**Work instructions:** Exactly the lines below, starting with the one containing "商品画像：25SS/REAL TREE SS" and going on through the one containing "Prada SPR 07B", must be reproduced, both ends included, and no pictures with them.

**Data:**
== Segment start ==
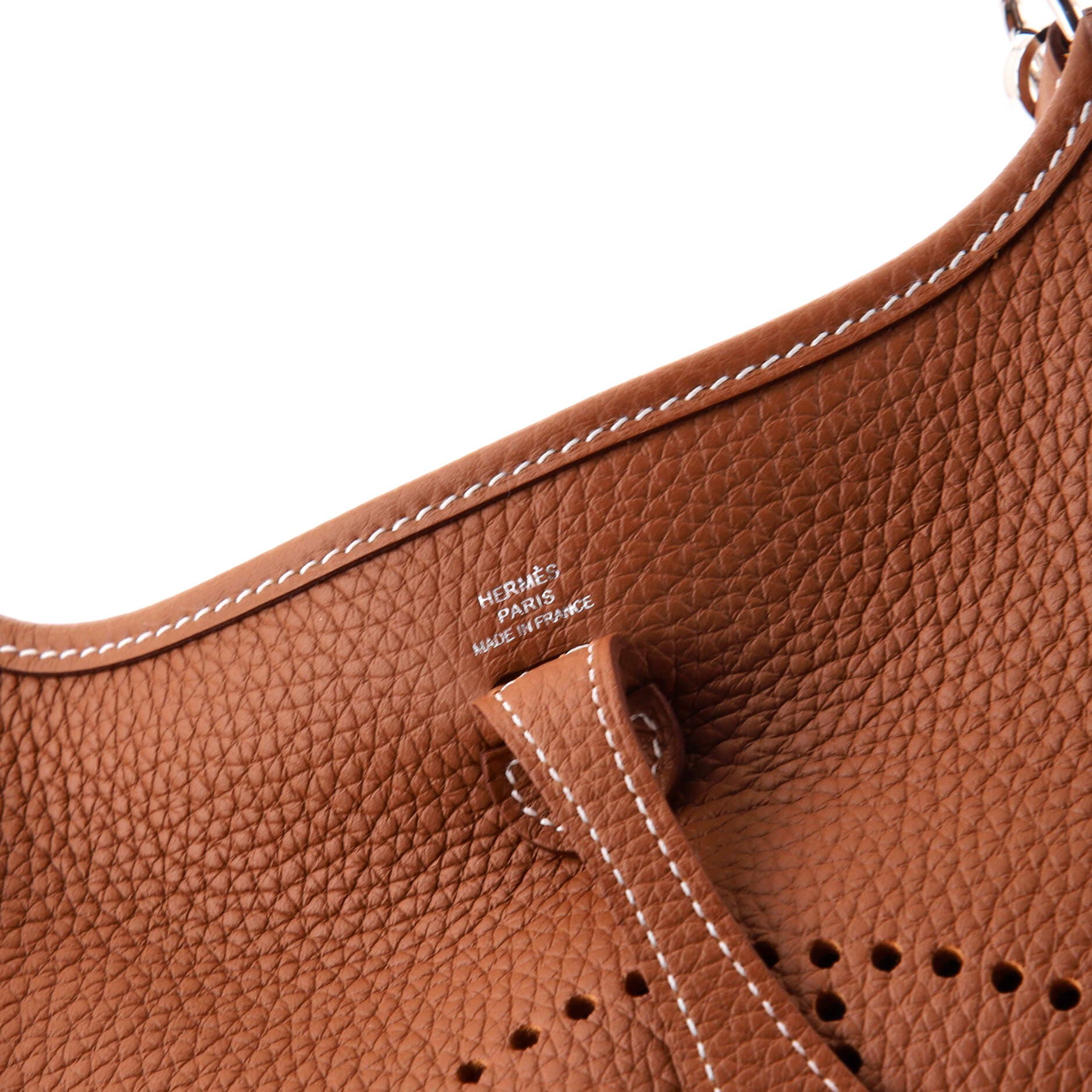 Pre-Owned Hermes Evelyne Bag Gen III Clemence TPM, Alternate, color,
== Segment end ==
== Segment start ==
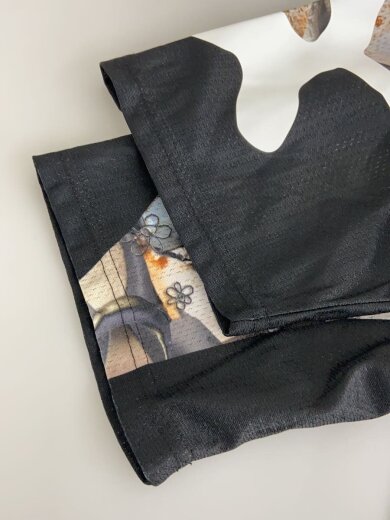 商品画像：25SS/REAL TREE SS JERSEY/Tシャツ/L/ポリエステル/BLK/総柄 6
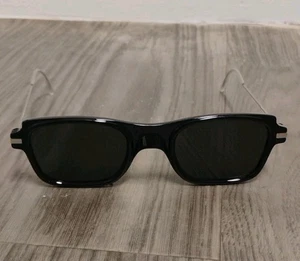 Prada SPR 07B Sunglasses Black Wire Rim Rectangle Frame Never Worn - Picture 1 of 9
== Segment end ==
**Exercise answer:**
 商品画像：25SS/REAL TREE SS JERSEY/Tシャツ/L/ポリエステル/BLK/総柄 6
 Prada SPR 07B Sunglasses Black Wire Rim Rectangle Frame Never Worn - Picture 1 of 9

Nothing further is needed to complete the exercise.